### Pictures with short captions

──────────

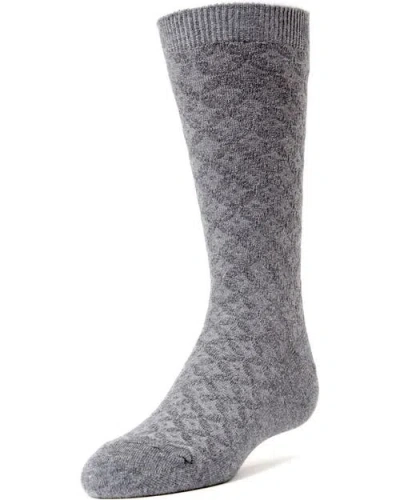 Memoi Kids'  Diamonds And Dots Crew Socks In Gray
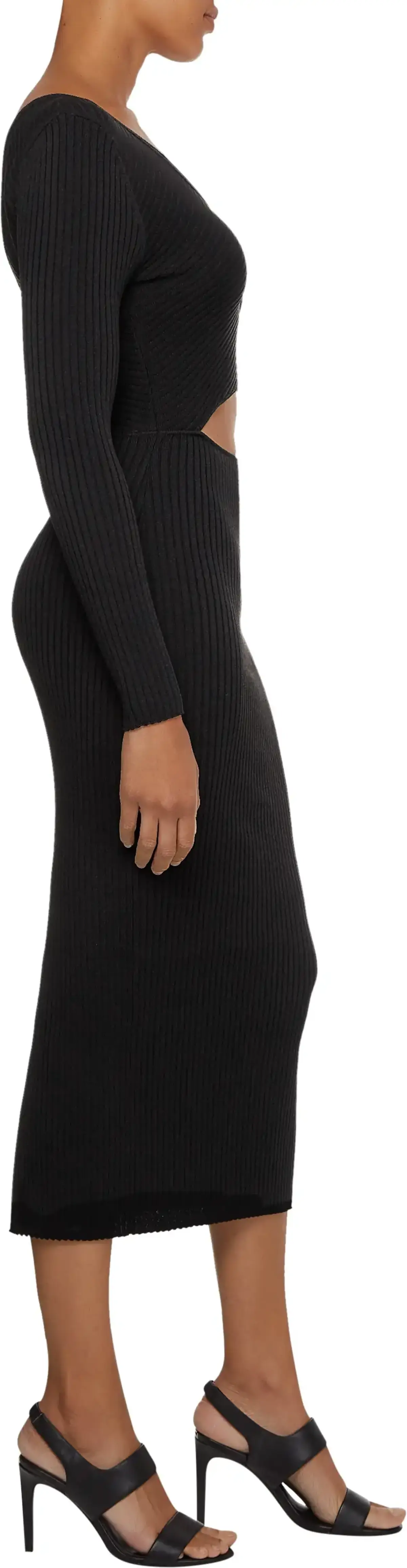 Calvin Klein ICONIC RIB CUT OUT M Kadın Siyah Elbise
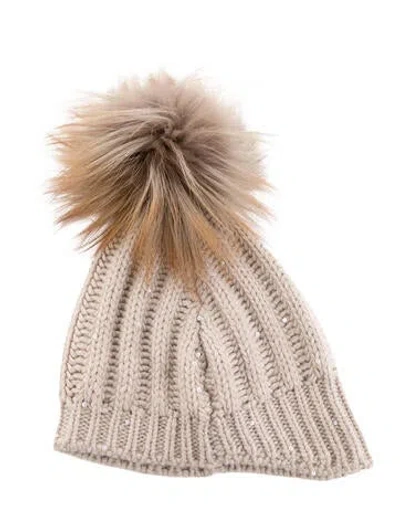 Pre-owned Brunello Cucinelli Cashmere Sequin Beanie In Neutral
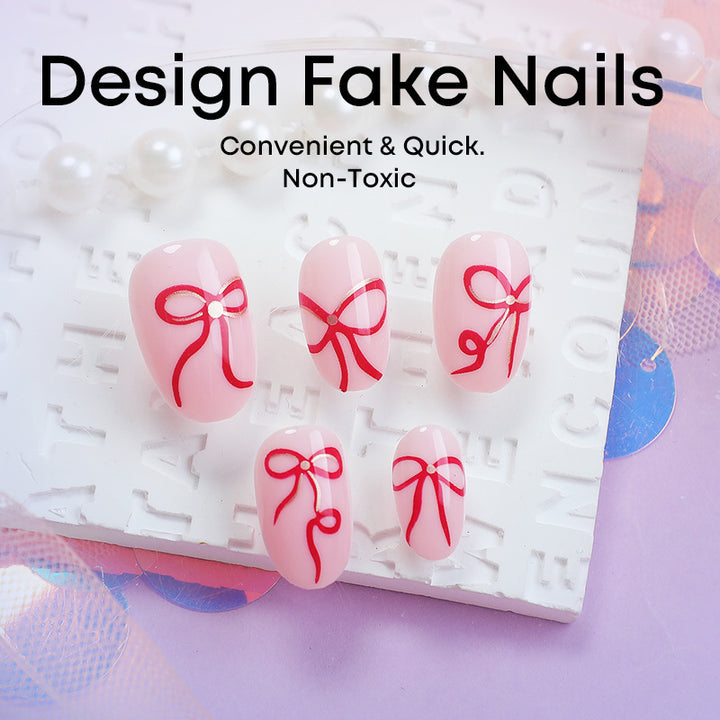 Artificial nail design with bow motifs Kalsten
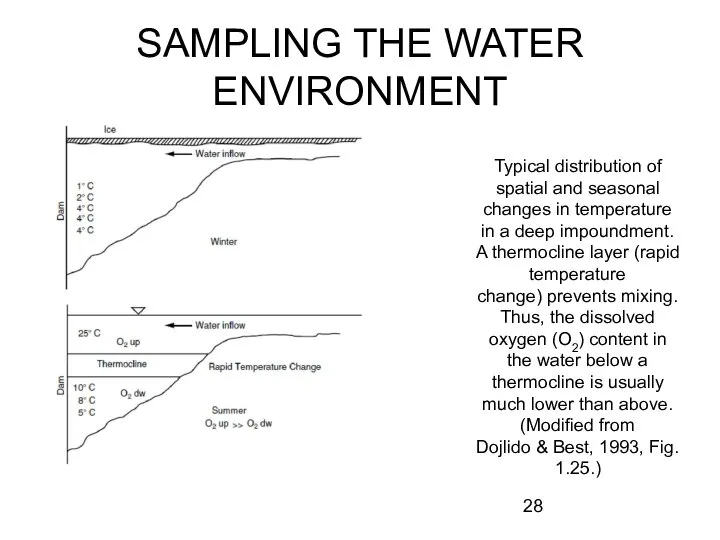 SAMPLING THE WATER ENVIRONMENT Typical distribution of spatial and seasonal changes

──────────

### Exercise prompt
The answer must repeat every record exactly, with all pictures left out.

### Exercise solution
 Memoi Kids'  Diamonds And Dots Crew Socks In Gray
 Calvin Klein ICONIC RIB CUT OUT M Kadın Siyah Elbise
 Pre-owned Brunello Cucinelli Cashmere Sequin Beanie In Neutral
 Artificial nail design with bow motifs Kalsten
 SAMPLING THE WATER ENVIRONMENT Typical distribution of spatial and seasonal changes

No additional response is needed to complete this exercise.